Conflicts of interest when it comes to the Kings arena
SN&R's editorial office can't be bought. There is no revolving door. Can you say the same for City Hall?
A local radio personality texted me on Friday night: “Are you aware that documents show a $2,100 payment to SN&R? Can you shed light?”
Having zero clue what this person was talking about, I took to Twitter. Turns out, Sacramento Taxpayers Opposed to Pork—the group aiming to put the city's Kings-arena subsidy to a public vote—bought a couple grand worth of ads in SN&R this fall, and this had just appeared on the group's campaign-finance reports.
I explained to the radio personality that there is a separation between editorial and sales, the ol' journalistic-integrity thing. (It's also worth pointing out that the Sacramento Kings have bought ads with this paper over the years.)
But this didn't stop the pro-arena trolls on Twitter, who spent well-past midnight blasting me as a “fraud” and “phoney” who's guilty of conflicts of interest.
All right, let's talk about conflicts of interest.

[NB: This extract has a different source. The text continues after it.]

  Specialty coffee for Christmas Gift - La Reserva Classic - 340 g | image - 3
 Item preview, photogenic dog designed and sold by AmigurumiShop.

Kunal Merchant, former mayoral chief of staff and head of Mayor Kevin Johnson's Think Big Sacramento nonprofit, is considered by many the behind-the-scenes architect who saved the Kings and drove home the arena deal. When all that work was done, however, he left K.J.'s circle to go work for the Kings, where he still is employed today.
Is that a conflict?
Also last spring, Kings attorney Jeffrey Dorso, who advises the mayor, crafted a document outlining the economic benefits of the arena. He emailed this to the assistant city manager, and the document appeared nearly verbatim in the arena term sheet passed by city council. The city never conducted its own cost-benefit analysis of the project.
Is that a conflict?
SN&R's editorial office can't be bought. There is no revolving door. Can you say the same thing for City Hall? Will someone shed light on that?